Regulators in Switzerland, the United Kingdom and Hong Kong said last month they were investigating conduct in currency markets, while a top federal prosecutor in the United States said last week the US Justice Department had launched a criminal probe.
"You could fear that the one market which regulators and politicians haven't got their teeth into yet is FX and, for sure, politicians can't wait to get their teeth into anything to do with financial markets," Lars Christensen, co-chief executive of Saxo Bank, said late on Saturday on the sidelines of the Formula One Abu Dhabi Grand Prix.
"So it could be what gives them the excuse to also get into the over-regulation of this market."
Copenhagen-based Saxo Bank is one of the biggest banks for retail forex trading, earning around two-thirds of its revenue from currency trading last year.

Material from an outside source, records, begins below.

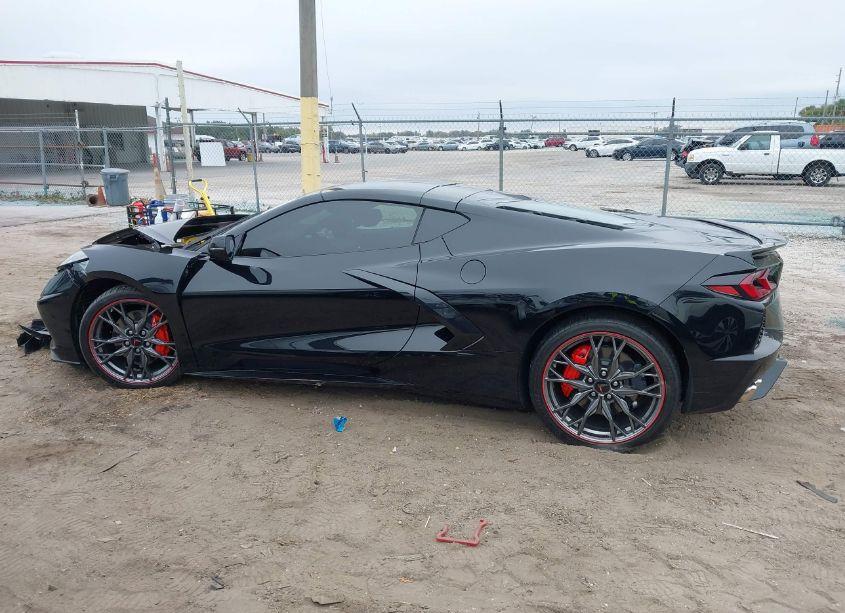 Photo 14 of 2024 Chevrolet Corvette STINGRAY RWD 1LT (VIN 1G1YA2D4XR5129994)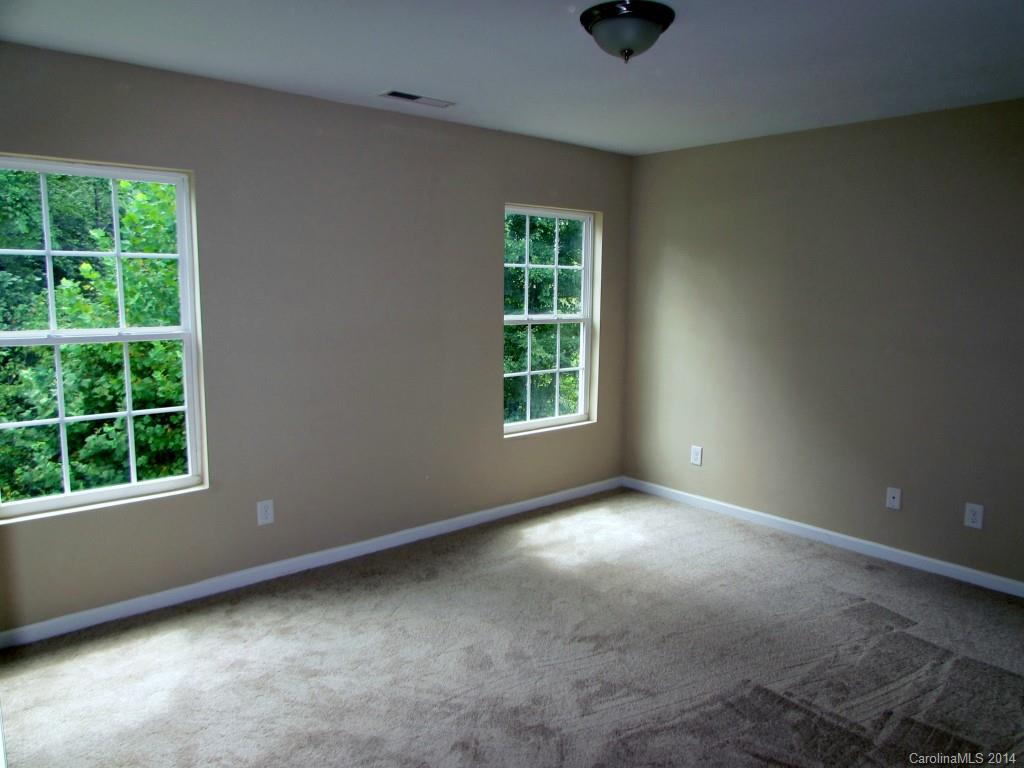 229 Ravenridge Court Charlotte, NC 28216 - Photo 10 of 14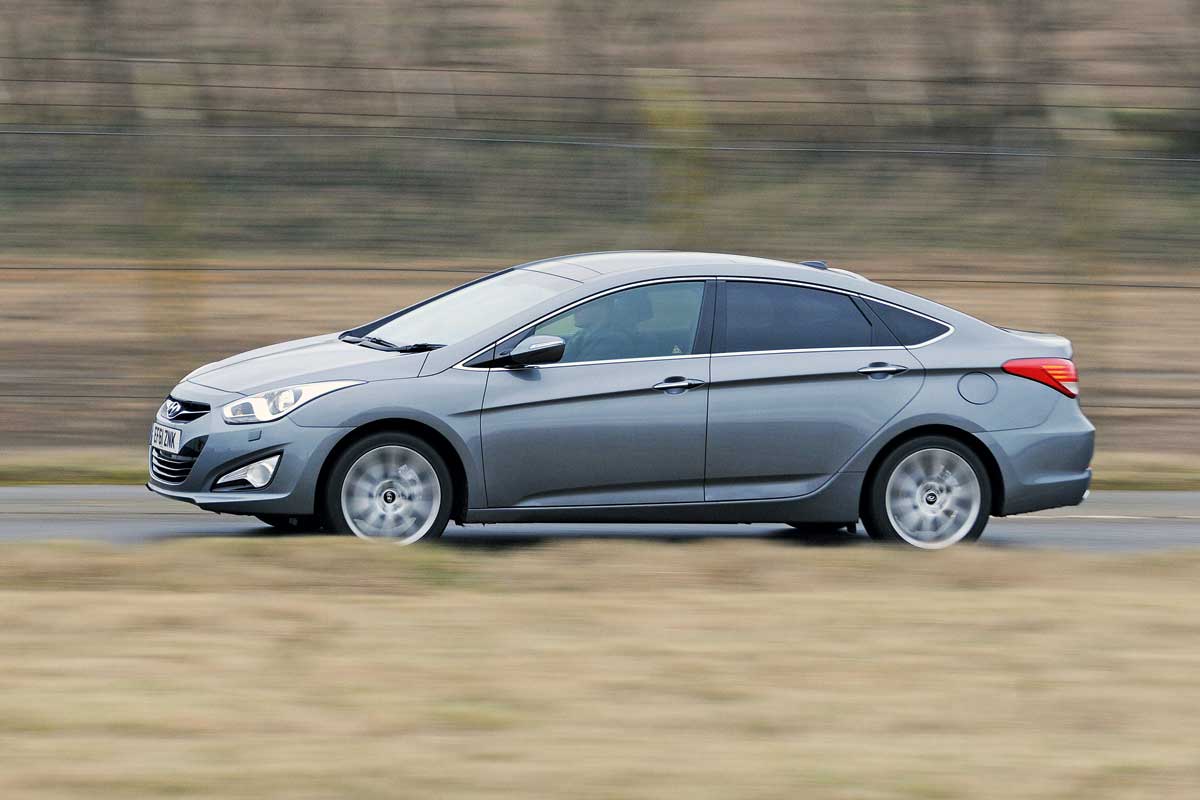 Hyundai i40 saloon panning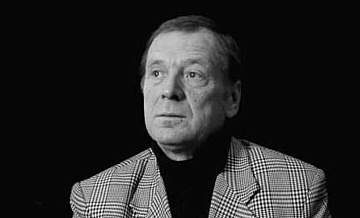 Народный артист Леонид Ремнев умер во время спектакля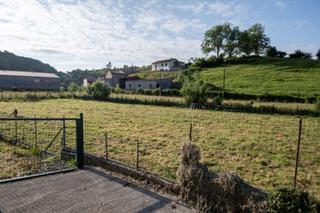 Terreny residencial  San román - san roman. Venta de finca edificable en san román, sariego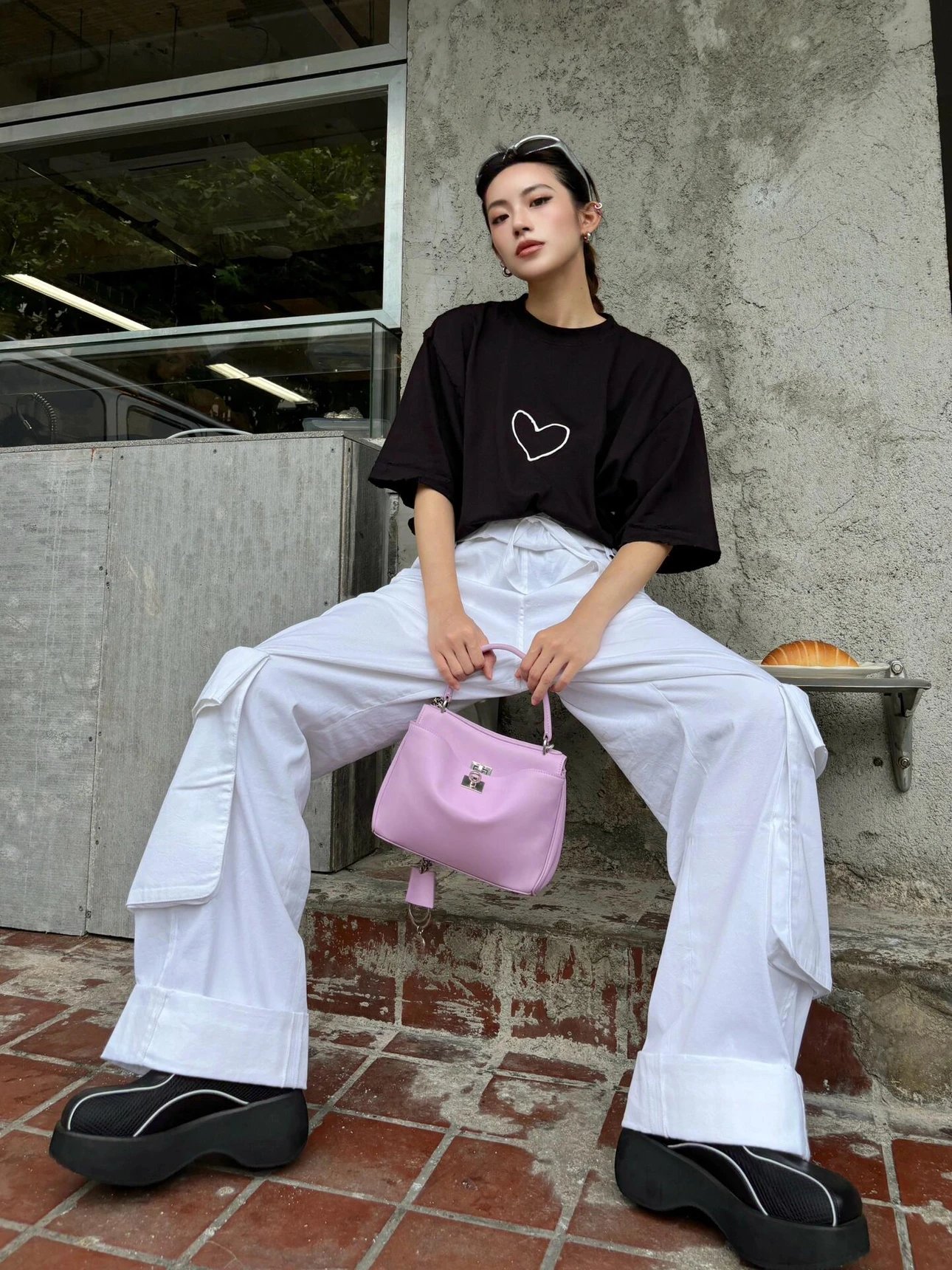 Item ID 8285 Balenci@ga- PARIS -2024ss - Qixi Series - Love Gum Drop Pattern Short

Christensen said there would have to be consequences if people were "deceitfully manipulating the rates" but it was a tough market to do so because of its size, the amount of liquidity and its transparency.
He said it was still too early to tell what kind of reputational damage the episode would have on the forex market generally and it was still unclear what the exact basis was for many of the trader investigations disclosed recently.
A string of banks, including JP Morgan and Citigroup , have put dealers on leave recently as regulators investigate possible manipulation in the $5.3 trillion-a-day foreign exchange market.
Barclays, UBS and Deutsche Bank said last week they were co-operating with regulators over possible manipulation of currency trading by banks, while Royal Bank of Scotland said it was reviewing its FX processes.
Deutsche Bank, Citigroup, UBS and Barclays are the four biggest players in the global FX market with a combined share of over 50 percent.